A Dutch court yesterday indicted Shell Nigeria of being partly liable for environmental damage and asked it to pay compensation to a Nigerian farmer.
However, the World Press reports that the court in its ruling on the Shell-Nigeria oil pollution case also ruled that Shell's parent company cannot be held liable for oil spills in the Niger Delta.
Four Nigerian farmers had sued Shell for polluting and destroying their farmlands and rivers.
This is the first time in Dutch history that victims from Shell's host countries have pursued a civil liability claim in the country where Shell has its headquarters, the Netherlands.
In October 2012, four Nigerian villagers took Royal Dutch Shell to court in a landmark pollution case. The fishermen and farmers, together with Friends of the Earth, Netherlands, accused the Anglo-Dutch oil company of polluting land and waterways around their homes in the Niger Delta region.
According to director of the Dutch Friends of the Earth, Geert Ritsema, Shell should be held responsible for the pollution of the Niger Delta region.
"The pipeline network of Shell in Nigeria is in a very poor state. The company does not properly maintain its pipelines. This is the root cause for around 250 spills per year. Together, the amount of oil that has been spilled by Shell over the years is twice as much as has been spilled in the BP disaster in the Gulf of Mexico, " he earlier told reporters. The three villages that were named in this case as being polluted are Goi, hit by a spill in 2004, Oruma, affected by a spill a year later, and Ikot Ada Udo, hit by various spills in 2007.
Shell Nigeria, otherwise called SPDC Ventures, argued it had cleaned up the spills to the satisfaction of the Nigerian authorities, and had no case to answer. It maintained that saboteurs stealing oil from its pipelines should be held responsible for much of the environmental damage.
With around 31 million inhabitants, the Niger Delta is one of the world's most important wetland and coastal marine ecosystems. It is an important source of food for the poor and rural population. Most residents make their livelihoods from fishing and depend on the polluted mangroves and creeks.
Reacting to the ruling which indicted Shell Nigeria of pollution in the Niger Delta region, civil society activists have said it will help bring some level of sanity in the way International Oil Companies (IOCs) operate in Nigeria.
According to the executive director of the African Network for Environmental and Economic Justice (ANEEJ), Rev. David Ugolor, the IOCs will moderate their excesses now knowing that there are other opportunities for Nigerians to seek justice against their acts of negligence.
According to him, the oil majors will now learn to respect the rights of the poor people of the Niger Delta and operate in line with international best practice "because they now know that even if they can get away in Nigeria opportunities will present itself internationally as has just happened.
The civil society activist noted that the poor farmers would not have gotten justice in Nigeria if the suit had been instituted in the country, as Shell and the others in Nigeria have used their powers to undermine justice for the poor people in the Niger Delta.
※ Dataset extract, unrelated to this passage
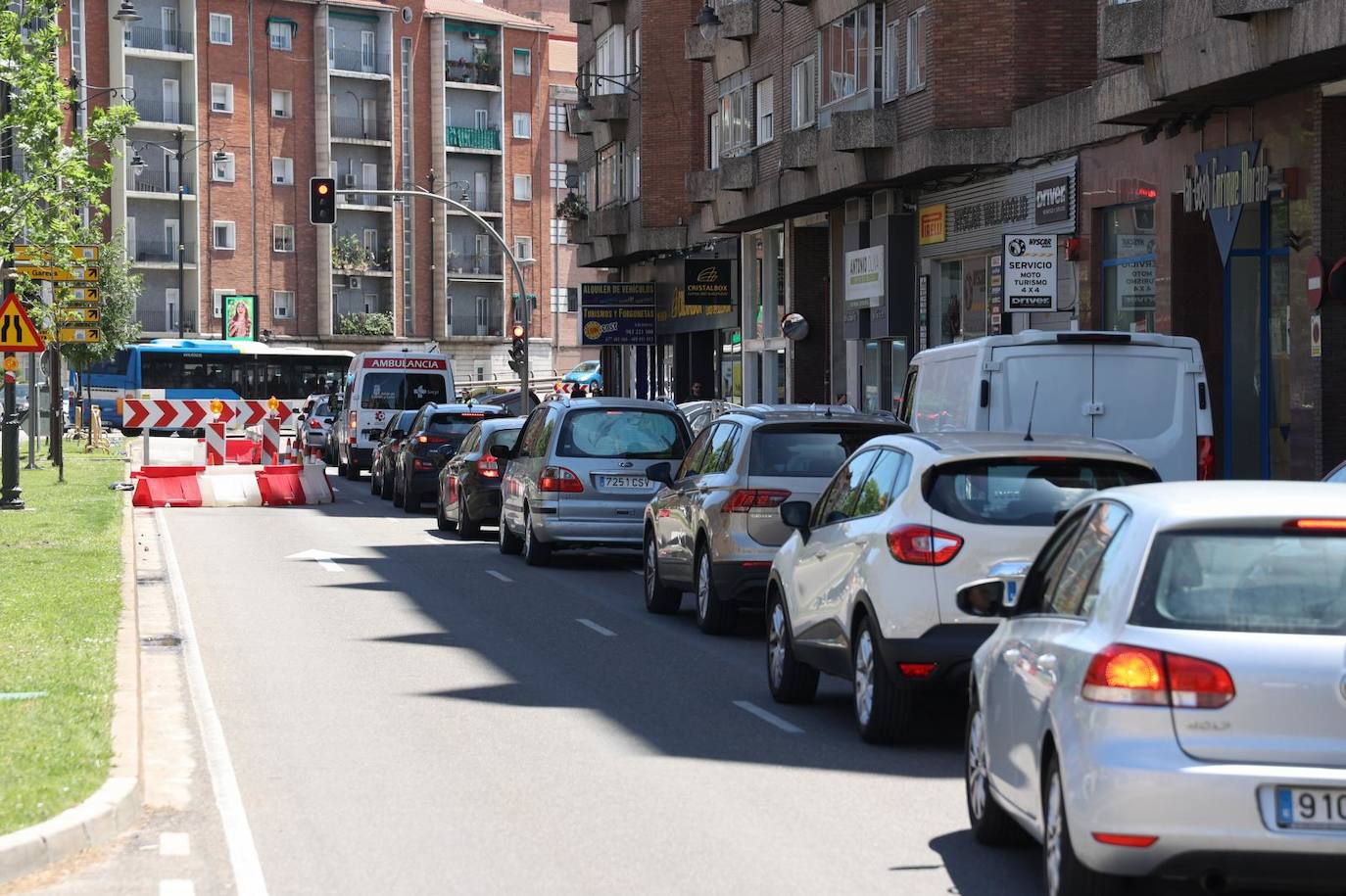 Tráfico y obras en el viaducto de Arco de Ladrillo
"Even in some instances where there was ruling for them to compensate the people, they will appeal against it because they know the justice system in Nigeria is marked with corruption," he said.
Also reacting, the National Coordinator of Publish What You Pay (PWYP) Nigeria, Faith Nwadishi, said the ruling showed that claims by the oil majors that sabotage was the major reason for spill was not true as it had been established that lack of maintenance of their pipelines led to spills.
She expressed optimism that the judgment would reflect on other pending related cases in Nigeria and also put the IOCs on their toes, knowing that if justice is not obtained in Nigeria, it can be got outside the country.
She, however, expressed regret that Nigerians now depended on foreign courts to get justice.
"The judiciary in Nigeria is failing us. We have to take issues outside the country to get justice; this is not the first or second time. We are setting a bad precedence. It means there's no more hope for the poor because they will not have money to institute a case outside the country," she lamented.
She further noted that the parent company of Shell should also have been indicted, contending that if its subsidiary was indicted it should also rub off on the parent company for not properly monitoring the activities of its subsidiaries.